Socrates complaint is that writing is only a static simulation of life. Writing is the granddaddy of technologies, so it is appropriate that it be the first to be so accused. We find the same problems today with telephone answering machines and automated touch-tone systems. Television is used as a nanny to babysit children. We feel the Friends on TV are our friends, even though they are not real and would never recognize us if they were.

So how does this apply to blogs? Blogs are less bound by the permanence of the written word: in contrast to Plato’s static writings, blogs are part of an ongoing discussion, in which comments and references are linked to the original work. In fact, blogs often try to be less dynamic by selecting URLs which will not change and by annotating additions and deletions. But some of Plato’s criticisms still ring true: blogs often do seem like simulations of reality, and like television, they make us feel as though we know people when in fact we do not.
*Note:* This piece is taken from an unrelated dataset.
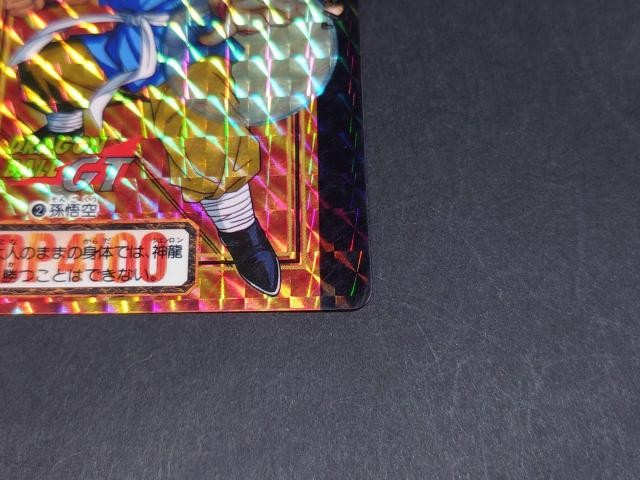 ドラゴンボール カードダス 本弾 第26弾 No.2 孫悟空 / プリズムカード ドラゴンボールGT DBGT 鳥山明 < アニメ/コミック/キャラクター ドラゴンボール カードダス 本弾 第26弾 No.2 孫悟空 / プリズムカード ドラゴンボールGT DBGT 鳥山明 < アニメ/コミック/キャラクターの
This made me think of another medium also lately on my mind, one which is more of a throwback to the oral traditions Innis extols: pen & paper role-playing games. In their narrative form, these are a form of collaborative open-ended story-telling. They leave no permanent record on paper, but rather are worked out and developed in the interplay and dialog between the players. Most such games focus on action and adventure, but a few of the rarer ones, such as Nobilis, revolve around philosophical questions, such as what is the nature of deceit and what makes one thing sharp and another dull.